The Age-Related Eye Disease Study system for classifying age-related macular degeneration from stereoscopic color fundus photographs: the Age-Related Eye Disease Study Report Number 6.
PURPOSE: To describe the system for grading age-related macular degeneration from fundus photographs in the Age-Related Eye Disease Study. This is a prospective multicenter cohort study of the course of age-related macular degeneration and a placebo-controlled clinical trial of the effect of high-dose vitamin and mineral supplements on development of advanced age-related macular degeneration.

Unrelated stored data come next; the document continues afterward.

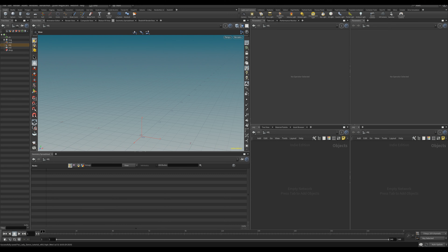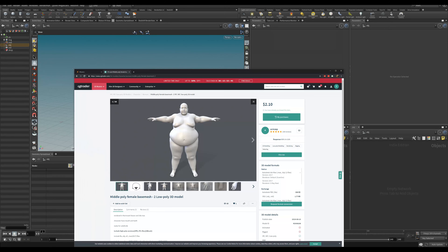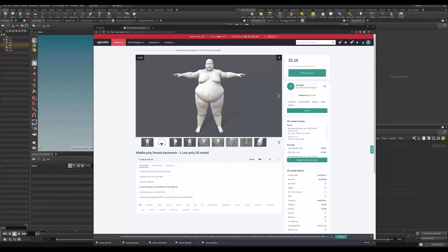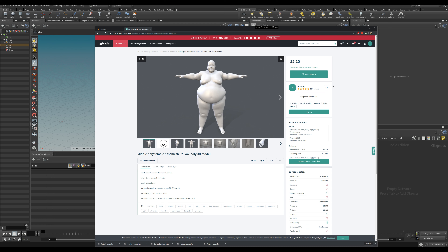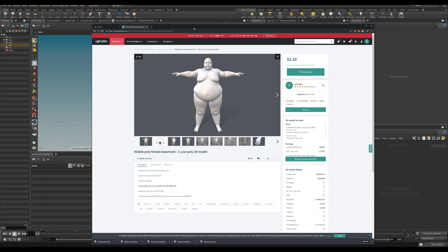If you downloaded the model, you're on Patreon — thank you very much for supporting me. I got the model from CGTrader, made by armzap, and got permission to include it in the tutorial. I did remove the UVs, and if you want to use this model for anything other than this tutorial, please go to his page and buy it. I'll include the link to his page in the description.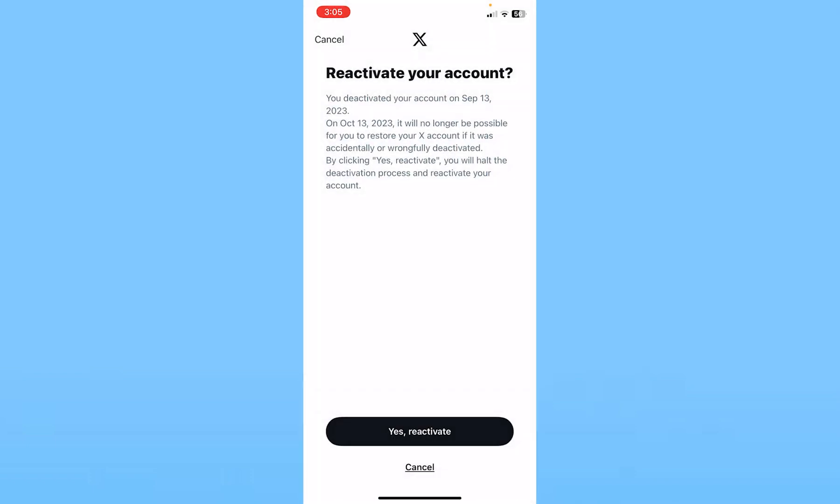As you guys can see, it says 'Reactivate your account.' If you deactivate it, it will no longer be possible for restoration. So click on 'Yes, reactivate.'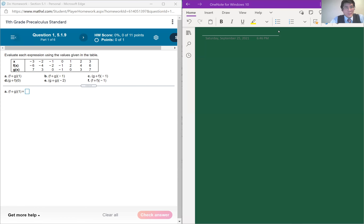Hello. This time I'm going to explain section 5.1 homework problems from pre-calculus. The topic is the composition of two functions. So let's begin.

METHODS: Standardized stereoscopic 30-degree color fundus photographs are taken at 11 clinical centers and evaluated by graders at a reading center for quality and age-related macular degeneration abnormalities. Macular subfields are defined by a grid, and presence and severity of various age-related macular degeneration abnormalities are graded using standard/example photographs and measuring circles. Advanced age-related macular degeneration abnormalities (presence/absence) include retinal pigment epithelial detachment, serous (or hemorrhagic) sensory retinal detachment, hard exudates, subretinal/subretinal pigment epithelial hemorrhage, subretinal fibrous tissue, and photocoagulation scars. Other abnormalities (multistep scales) include retinal pigment epithelial abnormalities (geographic atrophy, depigmentation, and increased pigment), and drusen (size, type [hard versus soft distinct or indistinct], and total area). Contemporaneous variability is tested by having different graders evaluate samples of photographs, and temporal variability by annual regrading of a dedicated subset.
RESULTS: In a cumulative sample of 1230 eyes for contemporaneous reproducibility, agreement on advanced age-related macular degeneration was 96% (kappa = 0.88) and for four-step age-related macular degeneration level was 83% (kappa = 0.77). Agreement was moderate for pigment epithelial detachment (kappa = 0.54) and substantial for serous sensory retinal detachment, hard exudates, subretinal/subretinal pigment epithelial hemorrhage, subretinal fibrous tissue, and central geographic atrophy (kappa = 0.73-0.82). For pigment abnormalities, agreement was substantial for geographic atrophy (kappa = 0.63; kappa(weighted) = 0.71, 0.75 weight for one-step disagreements), and moderate for depigmentation (kappa = 0.41, kappa(weighted) = 0.51) and increased pigment (kappa = 0.54, kappa(weighted) = 0.71). For drusen, agreement was moderate to substantial for presence/maximum size (kappa = 0.50, kappa(weighted) = 0.68), type (kappa = 0.61, kappa(weighted) = 0.69), and area (kappa = 0.56, kappa(weighted) = 0.77). Six annual regrades of 119 eyes showed little temporal drift in grading of various age-related macular degeneration abnormalities, except for drusen type.
CONCLUSIONS: The Age-Related Eye Disease Study has demonstrated satisfactory reliability for detecting onset of advanced age-related macular degeneration in a cohort, and moderate to substantial agreement on various abnormalities across the age-related macular degeneration spectrum. The Age-Related Eye Disease Study system for classification of age-related macular degeneration is suitable for longitudinal multicenter studies.